The above law led to a citizen’s initiative in the form of a petition of half a million signatures requesting legislation to ban all abortions.

However, a group of radical feminists, linked to the former government, and funded by American billionaire George Soros, began a wave of protests in major cities in Poland. As well, pressure was exerted on the Polish government by the EU to reject the abortion ban.

The feminists’ extreme policies did not find sympathy with the majority of Polish women. The protesters’ anti-religion slogan “‘No’ to church interference in politics”, was particularly offensive to them. The feminist demands drew only 2,500 signatures on their petition.

Some of the leaders of this feminist organization had worked for the former government, and it appears that their purpose was also to overturn the Law and Justice Party.

The Polish government has recently announced several bills aiming to help families with special needs children, and women with crisis pregnancies. The government has also expressed special concern about abortions that are being performed to eliminate babies with Down syndrome.  Hopefully, the government will soon pass legislation banning all abortions, as requested by the Polish people.


The Conservative government under Prime Minister Viktor Orban was elected in 2010. It publicly encourages women to give birth. The government helps arrange adoptions, gives aid to families, encourages religious education, and facilitates ethics courses in the public education system. The constitution of Hungary enacted in 2011, states explicitly that human life will be protected from the moment of conception. Also, in 2011 the government initiated a pro-life campaign placing posters at Hungary’s bus stops with the image of a baby in the womb, saying, “I understand that you are not yet ready for me, but give me up to the adoption agency, LET ME LIVE!” The EU criticized Prime Minister Orban for supposedly using EU money to fund this campaign which it claimed was against “European values”. It demanded that the funds be returned. The Hungarian government has ignored the EU. As a result of his pro-life/family policies, the abortion rate in Hungary dropped by 23% between 2010 and 2015. In the first quarter of 2016, abortions fell again by over 4%.


On October 23, 2016 an election was held in Lithuania which gave an absolute victory to the Peasant-Green Union. Although this party had a more left-wing economic agenda, unlike other western Green parties, the Peasant-Green party in Lithuania is socially conservative especially on moral issues. Family life, patriotism and social justice are its key policies. The party opposes the previous government’s attempt to pass the homosexual partnership law and promotion of abortion.

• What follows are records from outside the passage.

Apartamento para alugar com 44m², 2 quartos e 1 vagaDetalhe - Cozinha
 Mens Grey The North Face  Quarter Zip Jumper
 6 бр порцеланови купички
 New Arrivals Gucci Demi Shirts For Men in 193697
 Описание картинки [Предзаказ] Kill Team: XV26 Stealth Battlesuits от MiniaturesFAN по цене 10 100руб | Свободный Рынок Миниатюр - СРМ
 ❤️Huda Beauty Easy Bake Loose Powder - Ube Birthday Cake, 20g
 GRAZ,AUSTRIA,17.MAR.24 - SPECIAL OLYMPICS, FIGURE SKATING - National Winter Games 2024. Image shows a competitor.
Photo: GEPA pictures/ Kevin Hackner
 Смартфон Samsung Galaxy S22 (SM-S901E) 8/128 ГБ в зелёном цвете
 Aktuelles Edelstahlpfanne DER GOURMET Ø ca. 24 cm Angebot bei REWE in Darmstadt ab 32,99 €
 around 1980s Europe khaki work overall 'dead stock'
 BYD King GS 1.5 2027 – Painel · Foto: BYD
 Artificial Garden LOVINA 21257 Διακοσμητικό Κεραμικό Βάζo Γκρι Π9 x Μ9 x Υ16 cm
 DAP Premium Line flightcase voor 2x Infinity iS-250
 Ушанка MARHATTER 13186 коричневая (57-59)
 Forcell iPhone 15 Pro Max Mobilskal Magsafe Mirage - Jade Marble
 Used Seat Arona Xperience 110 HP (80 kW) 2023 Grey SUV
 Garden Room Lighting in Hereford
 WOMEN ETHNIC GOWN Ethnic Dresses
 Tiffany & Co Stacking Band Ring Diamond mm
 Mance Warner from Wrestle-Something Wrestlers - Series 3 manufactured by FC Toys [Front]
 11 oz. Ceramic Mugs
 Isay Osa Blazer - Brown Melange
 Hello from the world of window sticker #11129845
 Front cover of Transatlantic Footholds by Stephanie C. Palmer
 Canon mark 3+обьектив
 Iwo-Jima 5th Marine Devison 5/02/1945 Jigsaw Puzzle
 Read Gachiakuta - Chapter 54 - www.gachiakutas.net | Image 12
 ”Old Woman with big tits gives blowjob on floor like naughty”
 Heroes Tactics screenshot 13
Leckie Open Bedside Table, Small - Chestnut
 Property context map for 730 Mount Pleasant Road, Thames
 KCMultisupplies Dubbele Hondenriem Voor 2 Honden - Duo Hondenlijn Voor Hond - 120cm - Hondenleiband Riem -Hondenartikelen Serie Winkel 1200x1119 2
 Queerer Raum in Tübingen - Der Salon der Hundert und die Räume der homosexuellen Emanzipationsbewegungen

An election was held in Georgia on October 31, 2016. This country was a former member of the Soviet Union and is a now, with this election, a beacon of democracy in the former Soviet region. The party elected in October with a super majority is called: “The Georgian Dream Party”. This party promotes the family and is pro-life, and plans to bring forward policies supporting these objectives with the popular support of the people.

We do not always know what the future holds, but we do know that many central-Eastern European nations now have strong morally right-wing positions on social issues.These countries can only look to the degeneracy and despondency of the people living in the West to know they are in the right place.